Property tax protests reduced payments by $444 million in 2019
I reviewed property tax protest data for 2019. At the time of this analysis, 99.5% of the protests had been settled, so the numbers are not final. Additionally, I applied a uniform 2.00% tax rate across the county, so the numbers are approximate. Here are the highlights:
- Overall, there was a 6.9% decrease in tax assessed values on protested properties – a $22.2 billion reduction.
- Property owners saved $444 million in tax payments because of their protests.
- Only 26.7% of property owners filed protests on their own (despite evidence of better outcomes from doing it yourself), 68.2% hired help right away, and 4.9% both self-represented and hired help.
- If “help” fees averaged 20% of the tax payment savings, this would result in a market size of over $88 million within Harris County.
- On the whole, there was a 3.8% decrease in tax assessed values on protested owner-occupied properties – a $3 billion reduction.
- Homeowners saved $60.2 million in tax payments because of their protests.
- Generally, homeowners saw little difference in performance whether they hired help or protested themselves.
- However, there are major differences in homeowner outcomes at the neighborhood and property levels.
- If “help” fees averages 20% of the tax payment savings, this would result in a market size of $12 million for homeowner protests.
Common Houston wisdom prevails: homeowners should balance the time it takes to file a protest themselves with the expected tradeoff in tax savings and fees from hiring help.
Protests and outcomes are different based on geography
A homeowner’s success with property tax protests has a lot to do with their location.
This is a map that looks at property tax protests across the county, divided into Harris County cities and City of Houston Super Neighborhoods.
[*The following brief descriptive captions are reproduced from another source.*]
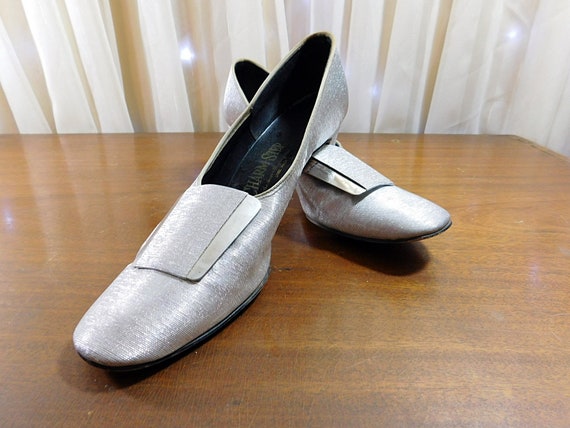 Vintage 60's Mod Charm Step size 7 1/2-8 silver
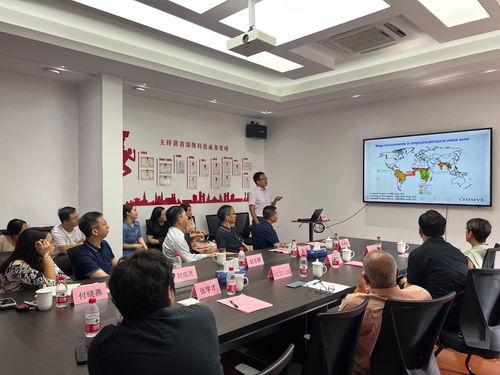 國際玉米小麥改良中心和中國農業科學院專家來生物所交流指導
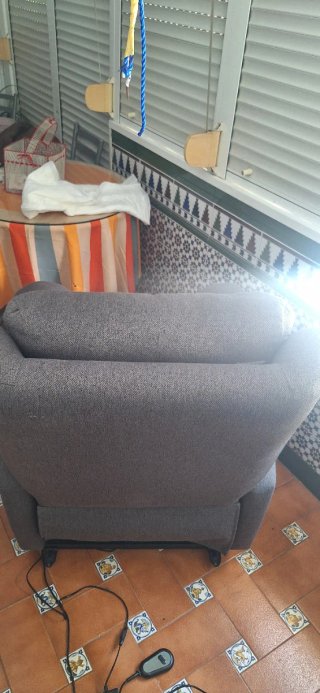 Sillón reclinable eléctrico tela gris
The map does not include protests in unincorporated Harris County, but the subsequent table does.
The layers on this map help illustrate differences across the county:
- Median Homeowner Increase. This represents the average tax assessment increase for owner-occupied homes. It calculates the difference in tax assessed value between 2018 and 2019 for all properties in the boundary.
- Homeowner Protest Rate. This represents the percentage of homeowners who appealed their property tax assessment. It counts the number of unique protests and divides by the number of residential homestead discounts in the boundary.
- Homeowner Mean Savings. This represents the average savings on the tax assessed value for homeowners who protested their property tax.
- Savings to Average Value. This metric standardizes how much is at stake for homeowners across the county. It calculates the median protest savings and divides by the median tax assessed value within the neighborhood.
- No Change. This represents protests where the ARB did not reduce the tax assessed value at all. In other words, the homeowner did not get anything for their time invested in their protest.
Dig in to the data:
Click on the image below and it will open an interactive table in a new browser window.
- Property tax increases for homeowners are generally uniform across the county, but there are exceptions.
- No matter what neighborhood you live in, you are likely to experience an increase in property taxes.
- Protest rates are higher in affluent neighborhoods and lower in low-income neighborhoods and communities of color.
- Positive outcomes (reductions) are more likely in affluent neighborhoods, such as Jersey Village or Bunker Hill Village.
- Negative outcomes (no change) are more likely in low-income neighborhoods, such as East Little York / Homestead and Denver Harbor.
- Homeowners who self-represent generally have slightly better outcomes than those who hire help, but the difference might not be worth the hassle.